Tradicionalmente, los servicios de atención residencial a personas con discapacidad han tendido a suplir a las personas atendidas en las funciones instrumentales propias de la vida diaria: las tareas domésticas cotidianas (lavar y planchar la ropa, limpiar la habitación, hacer la comida) eran, por lo general, funciones que recaían bien en el personal propio del servicio residencial, bien en servicios externos (lavanderías, catering,...). Esta forma de funcionamiento ha determinado que sean las y los profesionales de los servicios quienes han ido tomando, de forma continuada, decisiones acerca de lo que conviene o no conviene hacer en el ámbito doméstico. Aunque bien intencionada, este tipo de organización parte de asumir que las personas con discapacidad no pueden participar, de forma activa, en la gestión cotidiana de su vida y no estimula ni promueve la adquisición de habilidades y la autonomía.
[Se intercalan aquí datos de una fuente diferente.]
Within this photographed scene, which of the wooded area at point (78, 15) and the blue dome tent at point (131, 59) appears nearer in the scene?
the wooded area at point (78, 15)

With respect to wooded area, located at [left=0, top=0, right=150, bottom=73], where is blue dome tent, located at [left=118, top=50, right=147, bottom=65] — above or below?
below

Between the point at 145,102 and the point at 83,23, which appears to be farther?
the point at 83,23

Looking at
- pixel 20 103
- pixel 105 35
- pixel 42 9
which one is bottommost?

La investigación y la experiencia han demostrado, sin embargo, que las personas con discapacidad pueden, y en la mayor parte de los casos quieren, desarrollar las habilidades necesarias para tomar parte activa en las actividades que estructuran su vida en el servicio residencial y así ejercer cierto grado de control sobre la misma. Para ello es indispensable crear contextos, situaciones y oportunidades que permitan hacer efectiva dicha participación y garantizar los apoyos necesarios para posibilitarla. Este enfoque, coherente con el Modelo de Apoyos, parte de considerar que la experiencia cotidiana y las actividades habituales en la vida diaria, son, para las personas con discapacidad, como también para las personas sin discapacidad, un terreno básico de oportunidades de aprendizaje.
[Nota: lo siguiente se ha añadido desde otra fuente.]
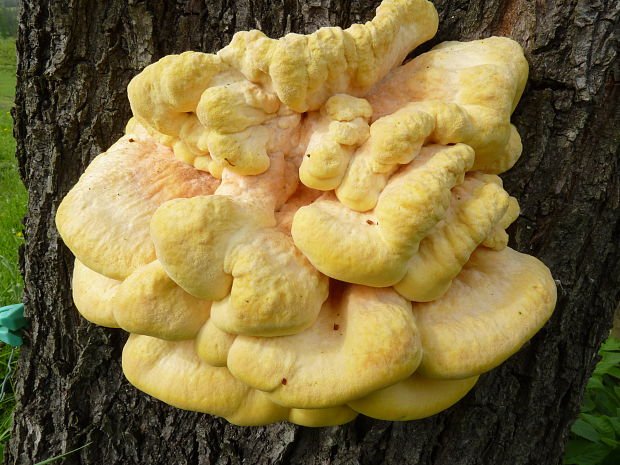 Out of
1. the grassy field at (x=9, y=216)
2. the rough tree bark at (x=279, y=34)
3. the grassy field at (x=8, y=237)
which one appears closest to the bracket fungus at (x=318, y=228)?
the rough tree bark at (x=279, y=34)

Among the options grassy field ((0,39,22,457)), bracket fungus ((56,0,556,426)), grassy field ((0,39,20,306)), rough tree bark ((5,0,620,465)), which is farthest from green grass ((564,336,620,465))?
grassy field ((0,39,20,306))

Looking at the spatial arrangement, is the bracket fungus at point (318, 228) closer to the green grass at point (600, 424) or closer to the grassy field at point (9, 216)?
the green grass at point (600, 424)

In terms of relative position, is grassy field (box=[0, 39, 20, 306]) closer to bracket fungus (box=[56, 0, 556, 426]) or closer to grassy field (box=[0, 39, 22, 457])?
grassy field (box=[0, 39, 22, 457])

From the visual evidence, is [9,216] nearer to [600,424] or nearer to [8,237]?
[8,237]

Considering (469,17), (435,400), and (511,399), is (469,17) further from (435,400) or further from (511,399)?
(511,399)

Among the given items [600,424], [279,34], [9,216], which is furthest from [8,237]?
[600,424] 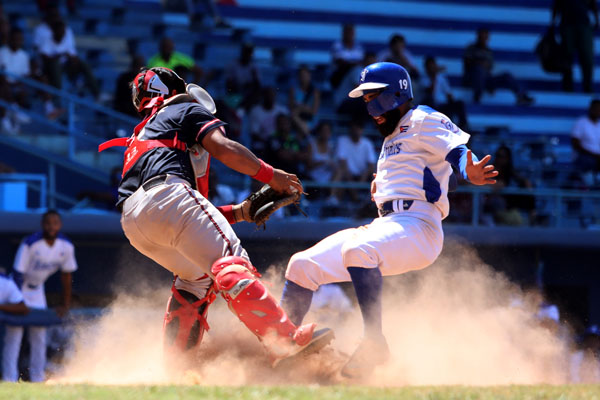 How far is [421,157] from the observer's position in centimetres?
583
Actualmente, la existencia de servicios residenciales más pequeños, integrados en el ámbito comunitario, ofrece más oportunidades reales de participación en las actividades de la vida diaria. Con todo, no siempre cuentan con los recursos necesarios para dotar a la plantilla de la formación requerida, ni con los apoyos idóneos para facilitar y favorecer la más adecuada intervención, dando por sentado que el sentido común y la relación natural bastarán para garantizar una actuación adecuada. Pero no es así: implicar a las personas con discapacidad en las actividades de la vida cotidiana es el resultado de una planificación y una programación previa de las actividades y de los apoyos necesarios para realizarlas y, sin esa estructuración previa, se corre el riesgo real de mermar las oportunidades de aprendizaje.
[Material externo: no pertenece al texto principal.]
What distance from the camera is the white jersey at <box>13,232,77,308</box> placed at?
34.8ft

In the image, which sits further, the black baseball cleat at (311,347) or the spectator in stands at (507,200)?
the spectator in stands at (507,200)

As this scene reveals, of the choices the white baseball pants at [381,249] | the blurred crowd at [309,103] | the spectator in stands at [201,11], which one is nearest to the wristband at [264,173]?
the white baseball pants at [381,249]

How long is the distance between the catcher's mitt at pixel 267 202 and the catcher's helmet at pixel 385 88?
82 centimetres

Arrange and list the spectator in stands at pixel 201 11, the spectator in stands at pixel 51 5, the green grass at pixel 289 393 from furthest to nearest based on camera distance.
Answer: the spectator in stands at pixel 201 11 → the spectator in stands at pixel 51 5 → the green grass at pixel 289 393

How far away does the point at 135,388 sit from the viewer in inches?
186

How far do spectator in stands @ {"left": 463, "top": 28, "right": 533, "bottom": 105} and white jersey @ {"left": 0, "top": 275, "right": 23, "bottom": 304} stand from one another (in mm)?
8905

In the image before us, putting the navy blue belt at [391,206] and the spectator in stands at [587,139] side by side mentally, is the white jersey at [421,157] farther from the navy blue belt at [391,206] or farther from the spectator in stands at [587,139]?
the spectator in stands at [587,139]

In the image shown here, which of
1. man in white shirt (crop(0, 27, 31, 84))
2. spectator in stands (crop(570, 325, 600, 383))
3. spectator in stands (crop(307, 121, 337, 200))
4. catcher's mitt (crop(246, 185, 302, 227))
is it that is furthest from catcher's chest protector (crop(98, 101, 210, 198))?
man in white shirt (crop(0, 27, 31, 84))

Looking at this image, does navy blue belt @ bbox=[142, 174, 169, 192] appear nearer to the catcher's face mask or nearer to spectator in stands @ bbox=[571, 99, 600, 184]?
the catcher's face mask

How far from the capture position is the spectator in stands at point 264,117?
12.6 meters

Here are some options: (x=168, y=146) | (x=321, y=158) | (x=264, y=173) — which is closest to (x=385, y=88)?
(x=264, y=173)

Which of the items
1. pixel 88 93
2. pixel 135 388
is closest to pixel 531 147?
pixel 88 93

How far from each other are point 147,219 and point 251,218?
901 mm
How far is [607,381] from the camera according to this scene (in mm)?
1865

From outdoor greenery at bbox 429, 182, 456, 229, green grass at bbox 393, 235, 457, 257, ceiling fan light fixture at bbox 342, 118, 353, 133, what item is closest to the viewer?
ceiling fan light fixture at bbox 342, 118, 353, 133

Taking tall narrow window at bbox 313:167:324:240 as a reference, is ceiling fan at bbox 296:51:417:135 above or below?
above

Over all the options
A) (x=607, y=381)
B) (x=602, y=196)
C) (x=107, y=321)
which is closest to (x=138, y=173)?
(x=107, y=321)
Las modalidades y el grado de participación en las actividades deben tratarse de forma individual, atendiendo a las posibilidades y, en parte también, a los deseos de la persona usuaria. Esta personalización conlleva tener presentes las variaciones que experimenta una persona en función de sus circunstancias inmediatas (por ejemplo, el cansancio debido a una actividad anterior o la tristeza a causa de algún suceso previo puede determinar que, en ciertas ocasiones, prefiera no tomar parte activa en una actividad en la que habitualmente sí participa).